The fact that someone can’t see those phrases you quoted as part of the problem ties right into what I said above about fish and water.

If we saw a picture of a bunch of kids playing in a polluted lake with garbage floating in it, no one would question that it makes us feel sad that those kids have no other place to play, or even outraged that those kids don’t even know what clean water looks like. But when that lake is society, and anyone dares point out the pollution and trash floating around us, and wonders why we can’t clean things up, we’re told that we’re destroying things. How dare we want a clean, healthy environment. A certain faction starts bringing more trash to throw in, because we’ve managed to take some out. They say that we’re cleaning up the right way, or that we’re cleaning up too fast, or we’re not respecting those who like catching sick from all the junk in our environment. That their kids have a right to be ill and throw trash at others. Some may even mock their kids if they see them picking up a piece of litter and throwing it in the garbage can instead of the lake.
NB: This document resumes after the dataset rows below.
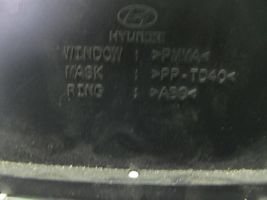 Hyundai i20 (PB PBT) Nopeusmittari (mittaristo) 940031J050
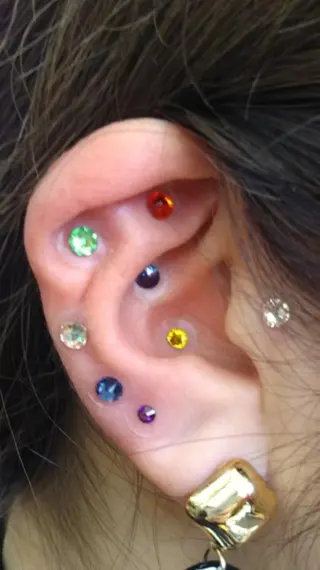 Lemon grassのマツエク・マツパデザイン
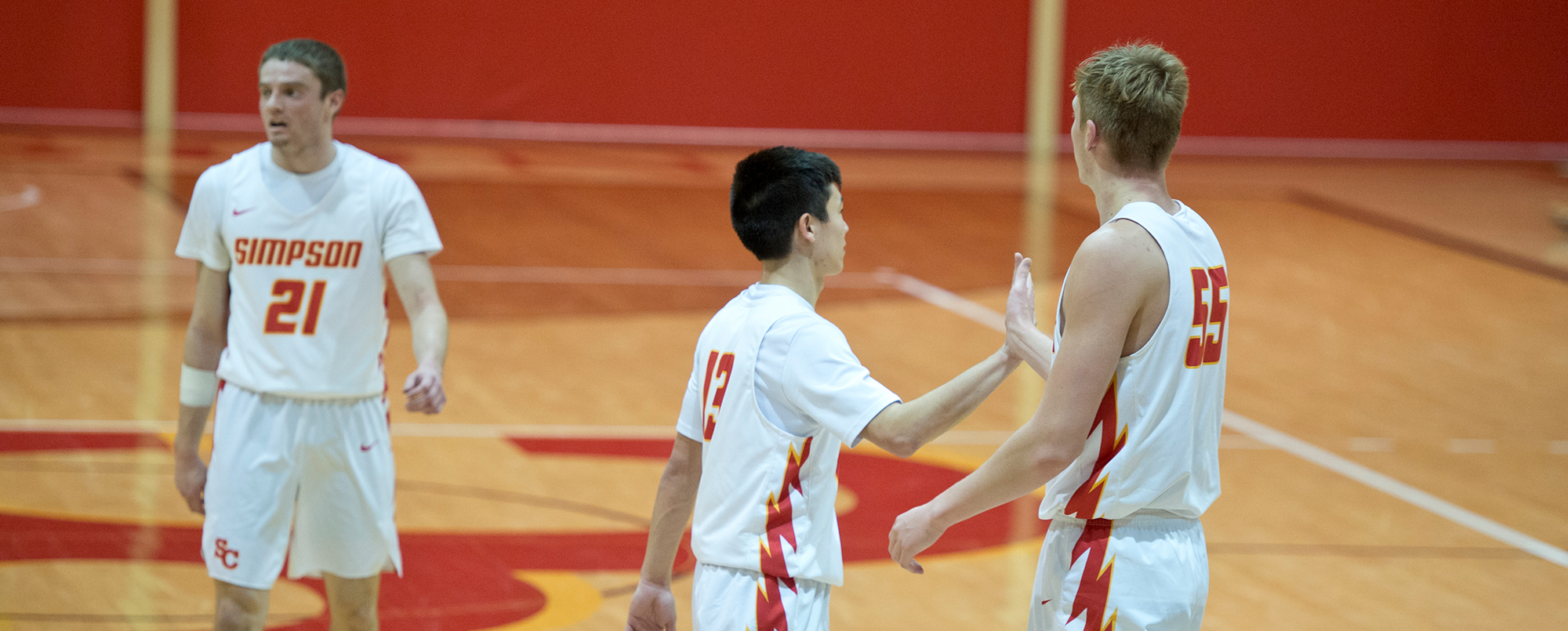 MBB Preview: Storm look to rebound at Dubuque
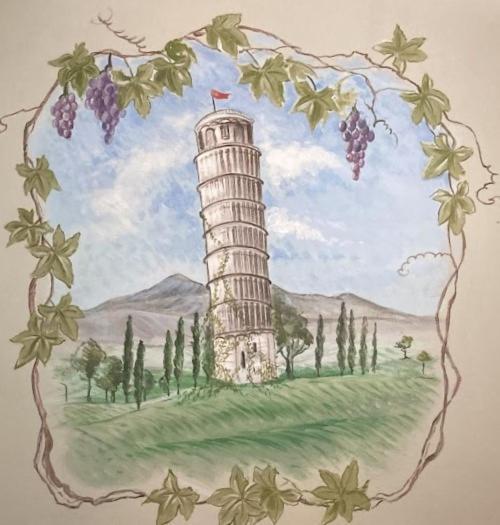 Dal Ciandri Pisa
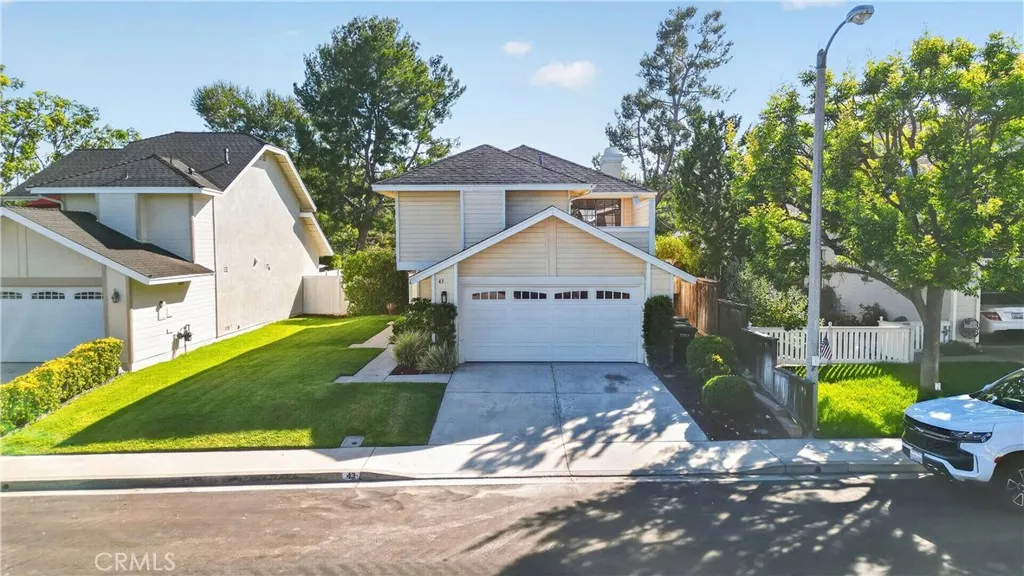 43 Oxbow Creek, Laguna Hills, CA 92653 - Photo 4 of 52, Laguna Hills, CA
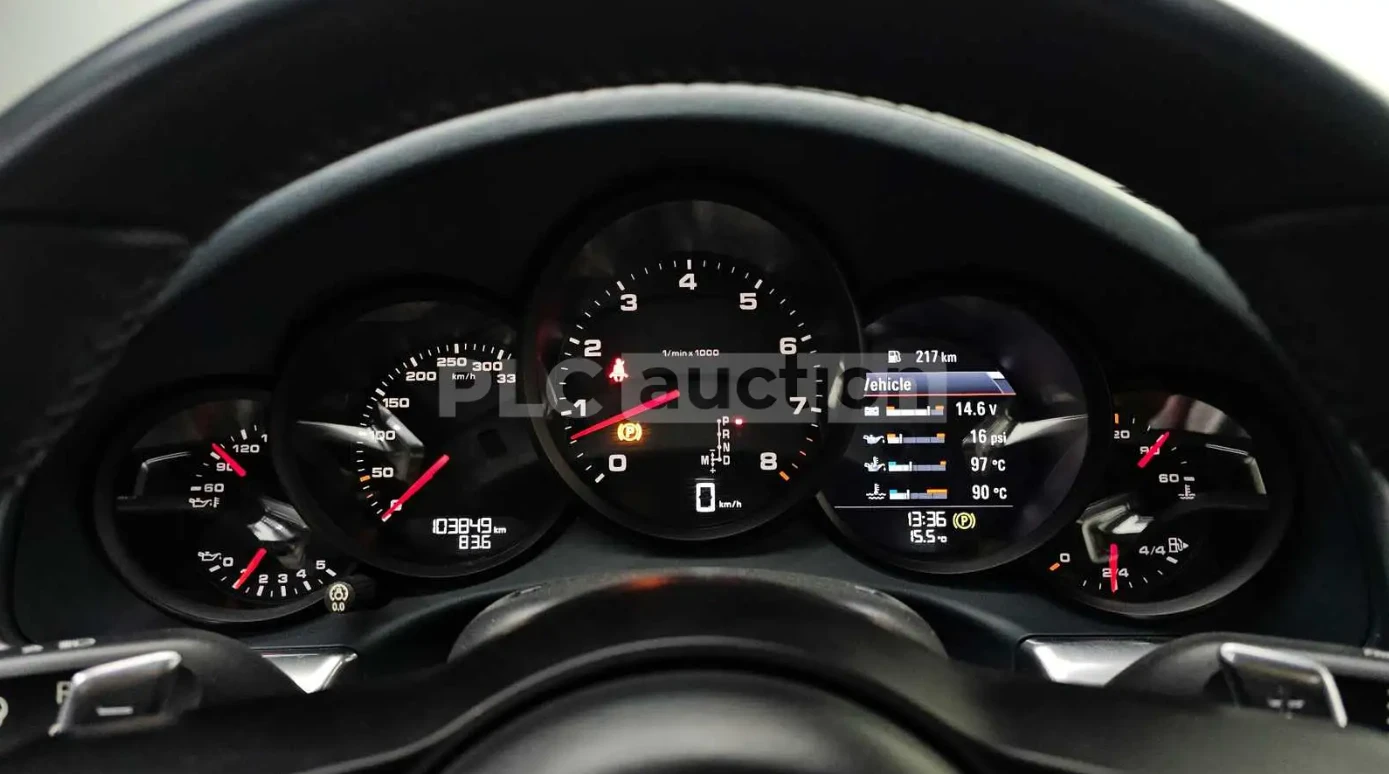 Porsche 911, снимка 15 - Автомобили и джипове - 54345732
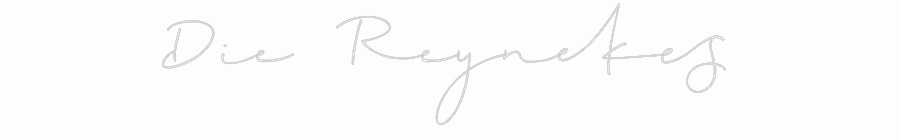 Custom Neon: Die Reynekes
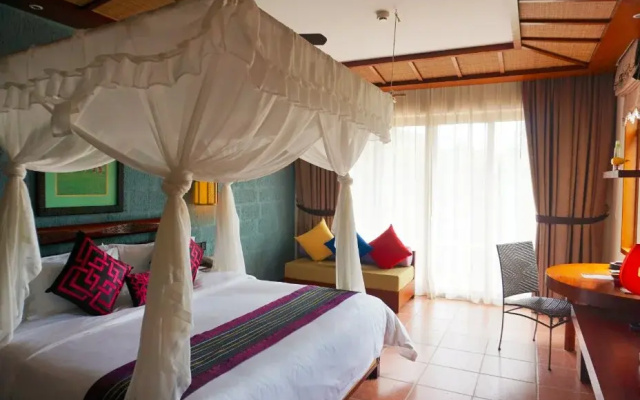 Hainan Bulongsai Resort Hotel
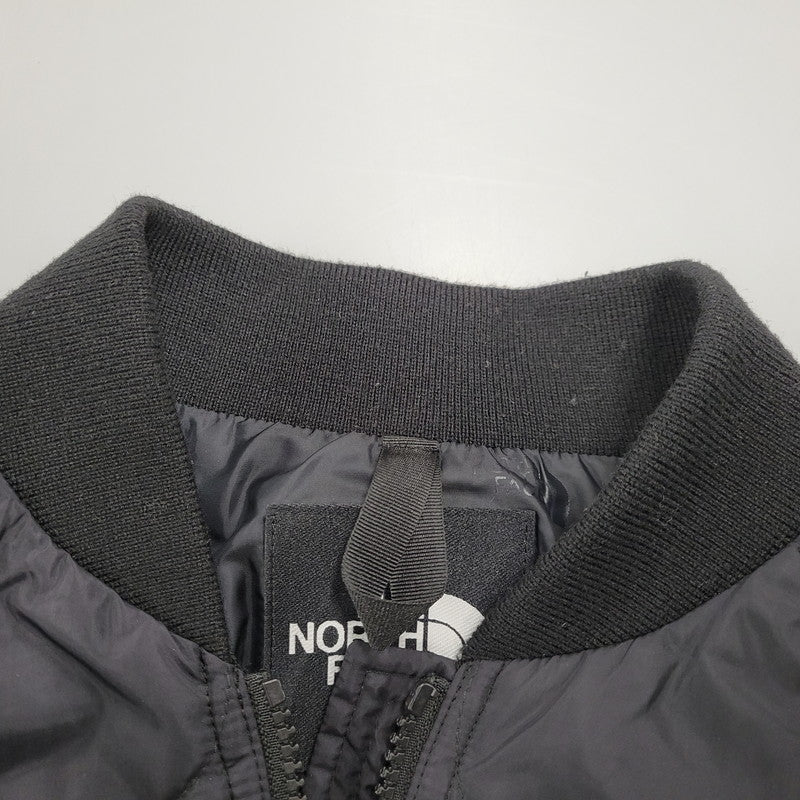【中古品】【メンズ】 THE NORTH FACE ザ・ノースフェイス NP21730 XXX TRICLIMATE JACKET トリクライメイト ジャケット アウター 144-260302-kh-16-izu サイズ：M カラー：ブラック 万代Net店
Others will say things like “well, not all of us have diverted our trash wholesale into the lake, so you complaining about the lake is insulting. And your cleaning efforts are making it hard for me to enjoy my swim.” Just because you (generic, not aimed at @TornPaperNapkin, or any other individual) occasionally only pee in the lake while others have hooked up their entire household sewer system, doesn’t make you innocent.

If you aren’t willing to be part of the solution, and you block the efforts of and attack the people who are, then you are part of the problem. #notall? Well, if not, then why all the defensiveness when we say #yesall?